There are insufficient data on do­mestic violence in Nigeria. This is primarily due to the stigma and si­lence surrounding the issue. While there not as much research as there should ideally be on such a seri­ous social and public health issue due to the fear, shame and silence surrounding domestic violence as well as limited funding to engage in the requisite research, there are clear data generated by reputable organisations.

Domestic violence cuts across all socio-economic and cultural backgrounds. Twenty eight per cent of all women, almost a third of all women in Nigeria, have experi­enced physical violence, a signifi­cant number in a country of almost 160 million, where almost half are women.

Up to 43 per cent of women thought that wife-beating could be justified on the grounds of matters like burning the food; arguing with their husbands; going out without asking for permission; neglecting the children; and refusal to have sexual intercourse.

Women with no education were more likely to say that wife beat­ing was justified. Rural men were more likely to say that wife beat­ing on any of the above-mentioned grounds was justified. Men with a secondary school education were less likely to justify wife-beating than men with less education.

A study further showed that edu­cated women were more likely to have experienced domestic vio­lence. Also, women who live in urban areas are more likely than their counterparts who live in rural areas to have experienced domes­tic violence.

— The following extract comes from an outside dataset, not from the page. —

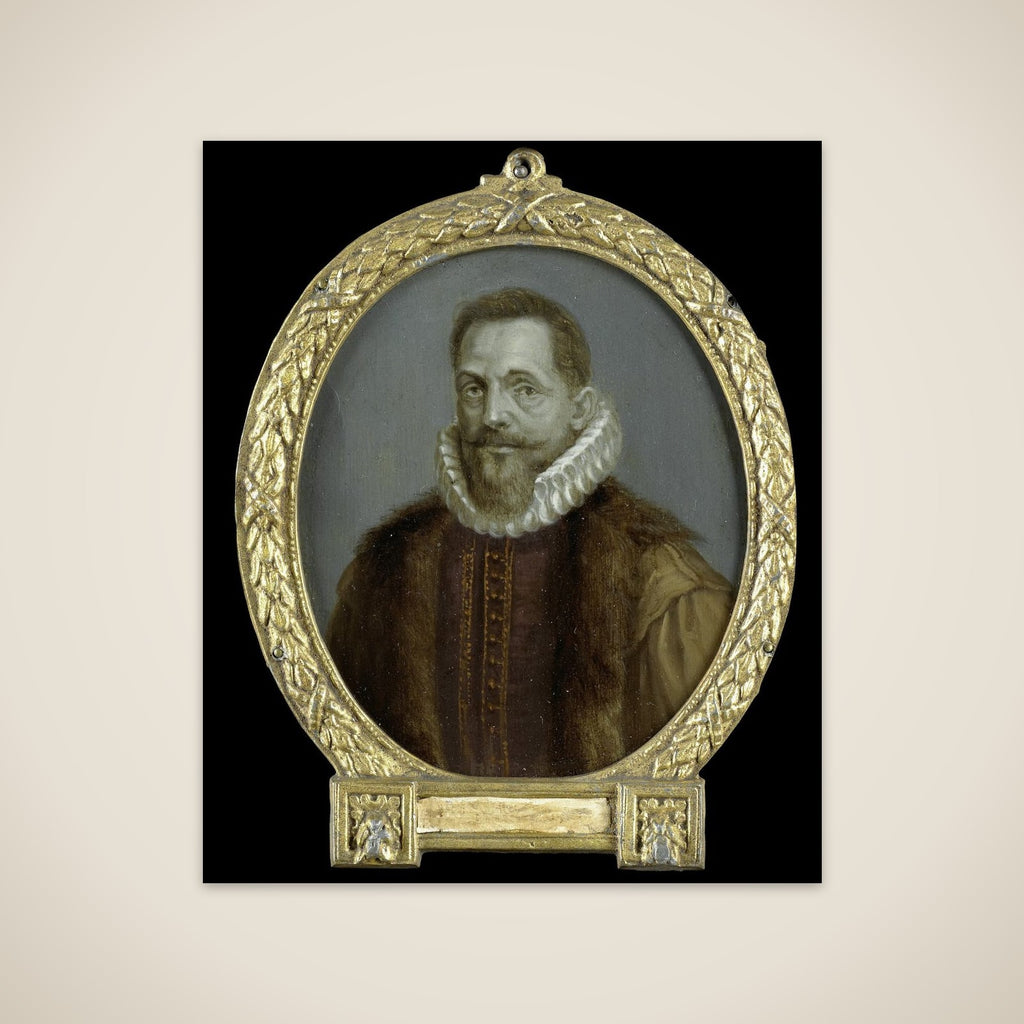 Portrait of Petrus Bertius, Professor at Leiden unframed print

The Gender in Nigeria, 2012 report also indicated that young women between the ages of 15 and 24 were most likely to have expe­rienced physical violence. They were also most likely to justify vio­lence, including wife beating.

While many women are now speaking out against the violence they have had to endure, others have escaped with permanent dis­abilities and scars while some who are not so lucky have died in the process of being pummelled con­stantly.